Contract teachers are much less endowed, as they are generally paid only three times a year, in general. They are only paid if they teach, regardless of whether there is a strike, holidays or if there is an usual event beyond their control. The authorities recently promised that secondary school teachers will get an hourly wage increase to LL 180,000 and the elementary school teachers will receive a LL100,000 rise in the hourly wage. They should also receive a monthly welfare sum of $130, which will depend on the number of hours taught. Last year, despite promises, they were not paid transportation allowances. Their return to school this year was contingent on receiving their monthly salary in the context of the financial collapse. But there is no guarantee that this measure will actually be adopted.

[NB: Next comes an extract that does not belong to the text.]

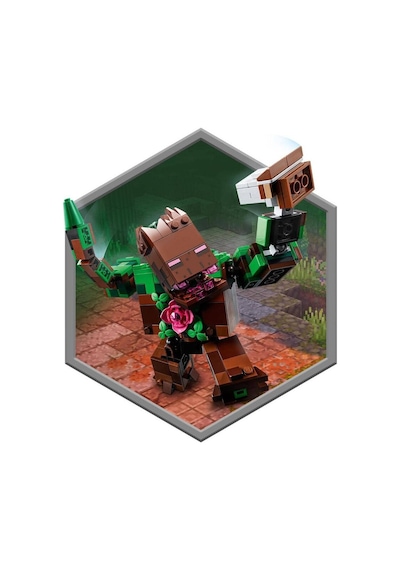 LEGO Minecraft 21176 Dungeons Orman Yaratığı 489 Parça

Public education in figures
Contrary to expectations, the Center for Educational Research and Development (CRDP) which is linked to the Ministry of Education, indicated that there were only 336,301 students in public education out of a total of 1,072,925 students in 2021-2022 (without including the afternoon curriculum reserved for Syrian students). This means that the number of students declined compared to the 2020-2021 academic year during which there were 384,741, which is slightly lower than in 2019-2020, when there were 342,303 students.
Also, the number of teachers has steadily declined since 2019-2020. That same year, public education consisted of 40,796 teachers (19,323 civil servants and 21,473 working on contract basis). The following year, they dropped to 39,516 (18,465 civil servants and 21,051 working on contract basis). In the 2021-2022 academic year, there are only 37,139 (17,203 civil servants and 19,936 working on contract basis). This decline is not limited to the public sector. It also involves the entire education sector, including private, semi-private and UNRWA schools (for Palestinian refugees), which lost more than 11,000 teachers in three years.
These figures were provided by the CRDP, which are the most recent reported figures for the 2021-2022 school year to L’Orient-Le Jour.